Le principe qui régit et sur lequel se fonde le comportement éthique est la crainte du Seigneur: «Principe de la sagesse: la crainte de Yahvé!» (Pr 9, 10), c’est-à-dire l’authentique relation avec Dieu, faite de respect, d’adoration, d’obéissance et de confiance. Quelque chose de semblable est également dit également dans le passage de l’Ecriture que nous avons écouté: «Que ton cœur n’envie pas les pécheurs,  mais dans la crainte de Yahvé qu’il reste tout le jour, car il existe un avenir et ton espérance ne sera pas anéantie» (Pr 23, 17-18).

La crainte du Seigneur pousse à renoncer au péché et à accomplir sa volonté, exprimée dans les règles morales. Etant donné que Dieu ne désire que notre bien, lui obéir, selon le Livre des Proverbes, représente  le chemin pour connaître le succès également dans ce monde, pour obtenir la santé, la longévité, le bien-être, une famille unie, une descendance et la respectabilité sociale.

Le Psaume responsorial que nous avons chanté approfondit ce même enseignement:  «Heureux tous ceux qui craignent Yahvé et marchent dans ses voies! Du labeur de tes mains tu te nourriras, heur et bonheur pour toi.  Ton épouse: une vigne fructueuse…; tes fils: des plants d’olivier» (Ps 128, 1-3). Selon les écrits sapientiaux de l’Ancien Testament, la crainte du Seigneur, les valeurs éthiques et les normes morales appartiennent à la logique et au dynamisme de la vie qui tend à sa plénitude. Les accepter signifie suivre le chemin de sa propre croissance humaine, être fidèles à Dieu et fidèles à soi-même.

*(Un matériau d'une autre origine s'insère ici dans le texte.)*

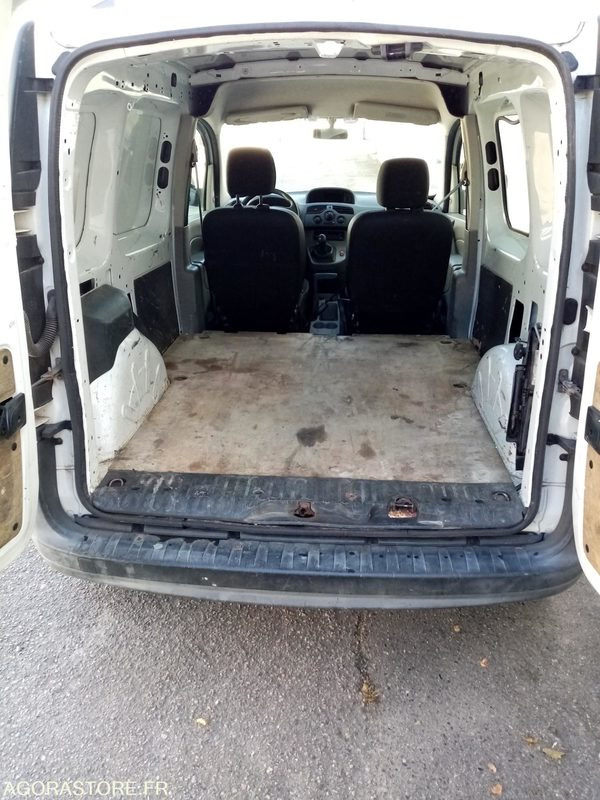 Renault Kangoo - Малък ван: снимка 4 Renault Kangoo - Малък ван: снимка 4
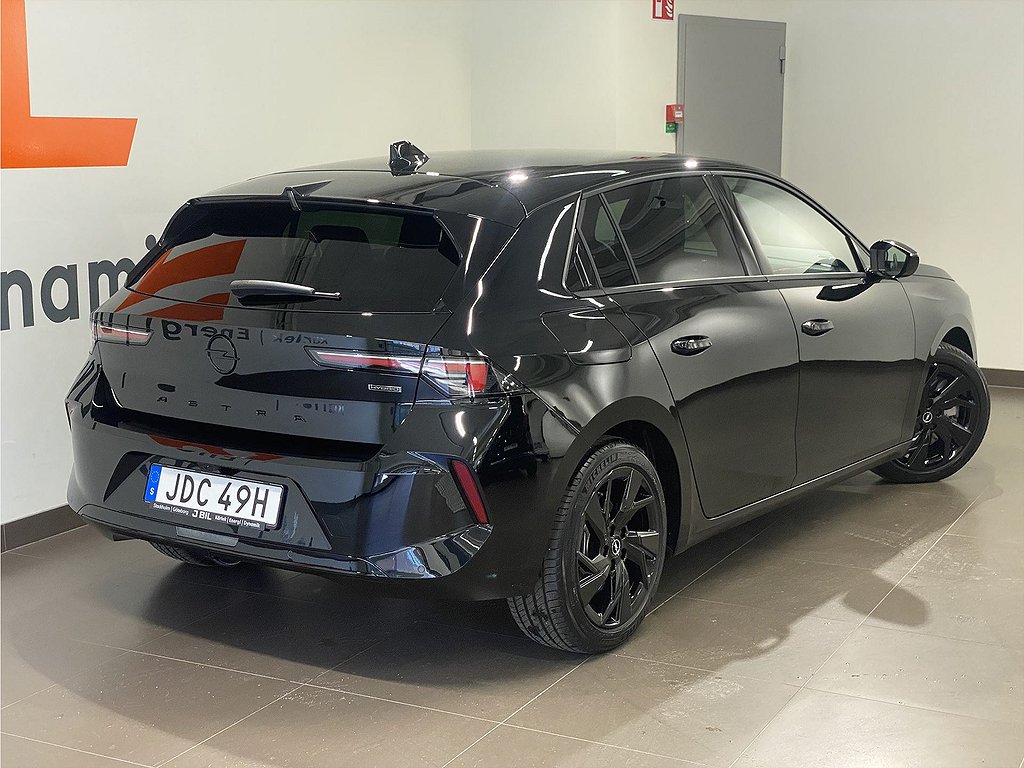 Opel Astra GS Line Plus+ PHEV 180hk Aut – DEMO
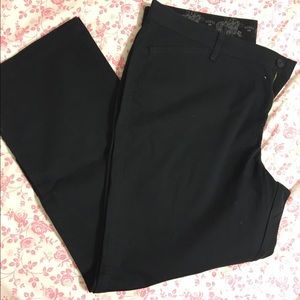 Casual pants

Il s’agit de valeurs et de règles connues à travers l’expérience et la réflexion, c’est-à-dire avec la raison, et qui, étant contenues dans le texte inspiré, sont, dans le même temps, Parole de Dieu. Il est compréhensible que certaines vérités accessibles à tous même aux non-croyants, soient confirmées  par la révélation biblique, car souvent, la raison, obscurcie par les instincts et les préjugés, ne juge pas correctement. Comme le dit saint Augustin: Dieu a écrit sur des tables de pierre les dix commandements que les hommes ne lisaient plus dans leur cœur» (Commentaire au psaume, 57, 1). La droite raison et la foi sont alliées. Les valeurs authentiquement humaines sont également chrétiennes, car, comme l’exhorte l’apôtre Paul: «Enfin frères, tout ce qu’il y a de vrai, de noble, de juste de pur, d’aimable, d’honorable, tout ce qu’il peut y avoir de bon dans la vertu et la louange hum
aines, voilà ce qui doit vous préoccuper» (Ph 4, 8).

Les disciples de Jésus respectent eux aussi le contenu et l’essence des valeurs et de l’activité humaine, mais le message chrétien leur confère une signification nouvelle et plus élevée, il les intègre dans la réflexion filiale avec Dieu le Père et dans le dynamisme de la foi, de l’espérance et de la charité. Le centre de l’action morale du chrétien est la personne de Jésus Christ, le dialogue et la communion avec Lui, et à travers Lui, avec le Père dans l’Esprit Saint. Dans cette nouvelle relation avec les Personnes divines, la pratique des valeurs humaines et des règles morales se perfectionne, acquiert de nouvelles motivations et énergies, des capacités de sacrifice à la suite du Crucifié, une joie et une confiance dans la présence du Ressuscité.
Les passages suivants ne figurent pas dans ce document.